If you have watched the news at all lately (which I’ve actually been great at avoiding!), you’ve noticed that the financial markets have teetered off of their precipice and fallen into the dark abyss. I wrote a little about this in an earlier post.
The Dow today was down 700 points at one point after the $700 billion governmental bailout package was shot down by the House. Chances are that the planned re-vote will also fail.
What do you do in situations like this? Well, I have a philosophy around how to deal with these type of situations. It’s based on over 10 years of active investing and general interest in how financial markets work.
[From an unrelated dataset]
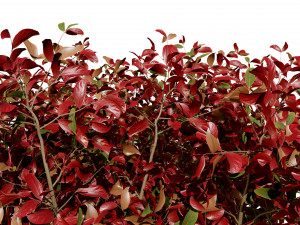 The Little Henry Virginia Sweetspire Bushes 3D Модель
The first thing you do in a situation like this…is DO NOTHING. A common reaction is to immediately sell to avoid further losses. Getting rid of the assets gives a false sense of calm since the loss is no longer visible when you check your brokerage account and look at the performance of the individual assets you still own!
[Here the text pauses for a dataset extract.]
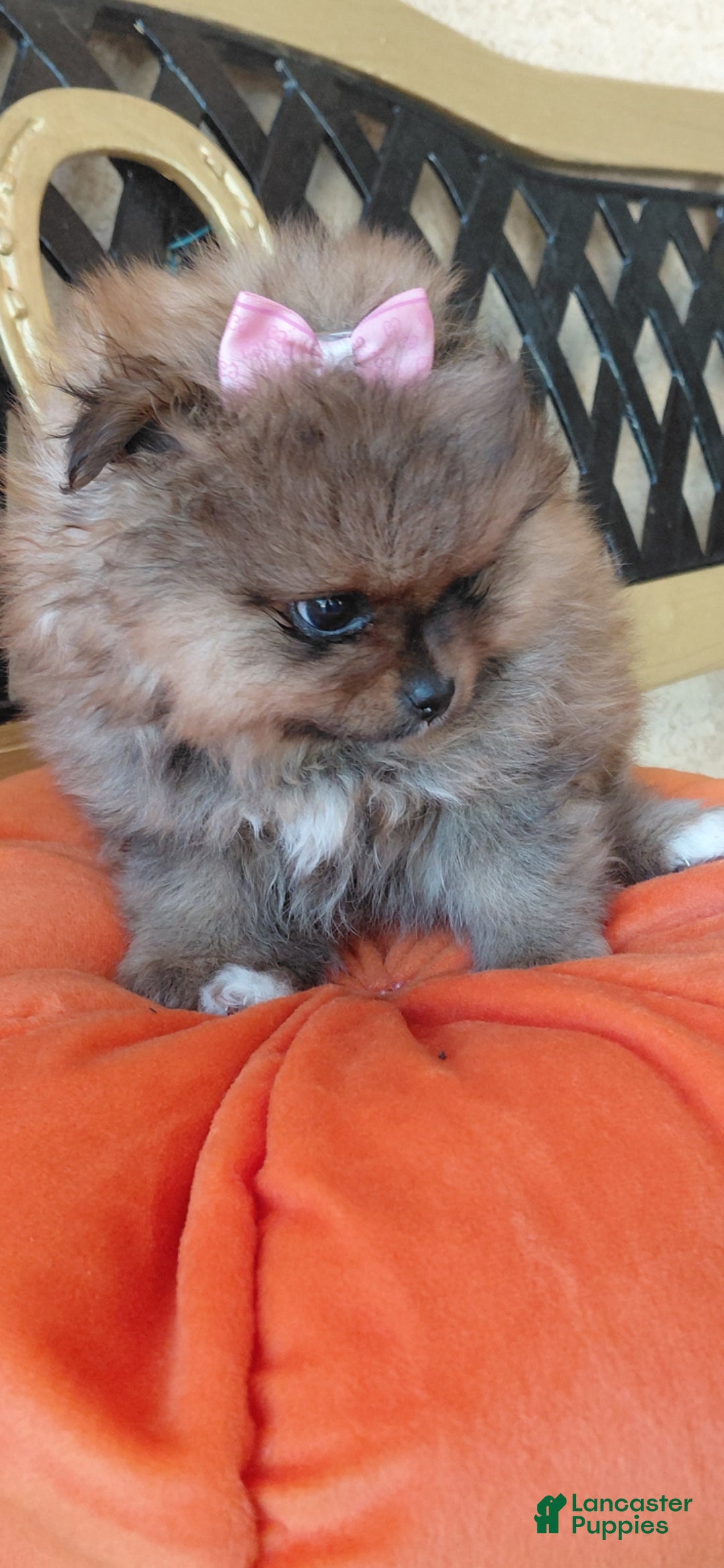 Pomeranian dogs Monchi - Ad 32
Another common reaction is to buy or dollar-cost-average. That is to say, assume that the market can’t go down any more and buy low with assumption the coming gains will offset your loss. Again, this strategy rarely works.
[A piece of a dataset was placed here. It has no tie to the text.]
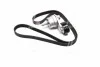 <strong>Роликовый модуль натяжителя ремня (ролик, ремень) GATES K276PK1555 (фото 4)</strong>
In situations where there is massive panic and market reaction, I DO NOTHING. I do not buy or sell. I sit with what I have.
What I do DO, is I plan. I think about what kind of assets I have. What industries am I invested in? How much money do I have in commodities like Gold and Oil-related assets/industries? How much cash do I have? Where is my cash invested? Is my cash in a money market? If so, is the money market “safe” (i.e. investing in assets that are not exposed to the financial turmoil under way)? How much exposure do I have in US vs Global markets? Is my money in FDIC insured accounts/assets?
I plan like crazy.
Planning gets you out of your emotions and gives you a way to logically think about where you are at financially. You then are in a much better position to make prudent decisions with your money once the markets have had a chance to digest all the news that is current hitting the airwaves.
Normally, markets over-react to news (both on the upside and downside). Right now, I am guessing that we haven’t seen the end of the decline. However, I would also guess that we will see some degree of recover after the markets have settled. I don’t know when this will happen, but for now I am waiting this out. Once the news stops trumpeting impending market doom as the big front-page headline, I’ll adjust and take any required action on my portfolio.